According to Eurostat, by now more than 70 % are afraid of disinformation. But the economy is alerted, too. The World Federation of Advertisers has recently estimated that digital ad fraud – online schemes that are nothing else but disinformation tactics – is about to reach 50 billion USD by 2025, second only to the volume of global drug trafficking. And this illustrates just the tip of the disinformation iceberg.

According to ABTShield, an AI-powered tool to detect bots behaviour online, half of the Internet traffic is fake, i.e. not generated by individual people. So disinformation generates real profit loss from ad budget as well as potential profit loss because potential customers were not informed. This is why Unilever and P&G have just announced to audit their online campaigns and other companies are likely to follow.

In public debate it is perfectly ok to be mistaken. I would also defend every person’s right to lie, but only if there are equal chances to challenge opinion in an open and equal debate. However, if those mistakes and lies are combined and massively amplified by AI-powered bot and trolling campaigns they are already fundamentally threatening our systems.

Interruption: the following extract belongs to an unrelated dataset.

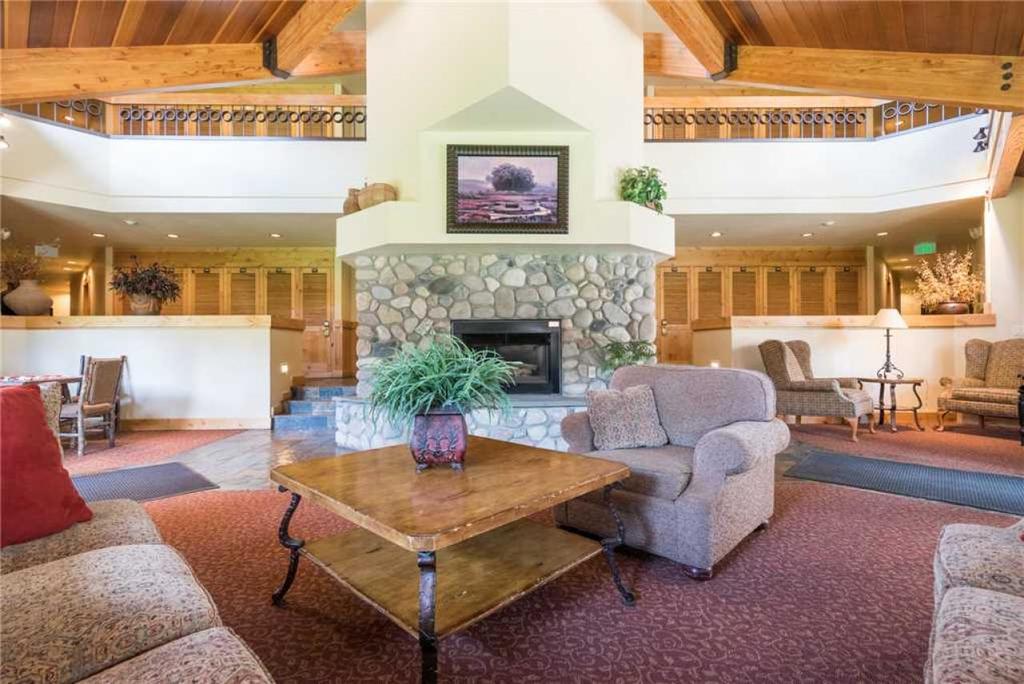 1310 Trappeur's Lodge, Trappeur's Crossing - thumb 1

Democratic process is based on a simple principle of parliamentary and public debate. It assumes that no one holds the truth but we all seek factual information and are able to take informed decisions. Therefore debates in public and in the parliaments, however irritating and often stupid, make sense. It is because the outcomes provide better decisions than those taken in absence of well-informed debate. That’s why democracies have developed free media – once an innovative if not revolutionary idea to communicate with the abstract public – that became an indispensable element of balance to the three branches of power.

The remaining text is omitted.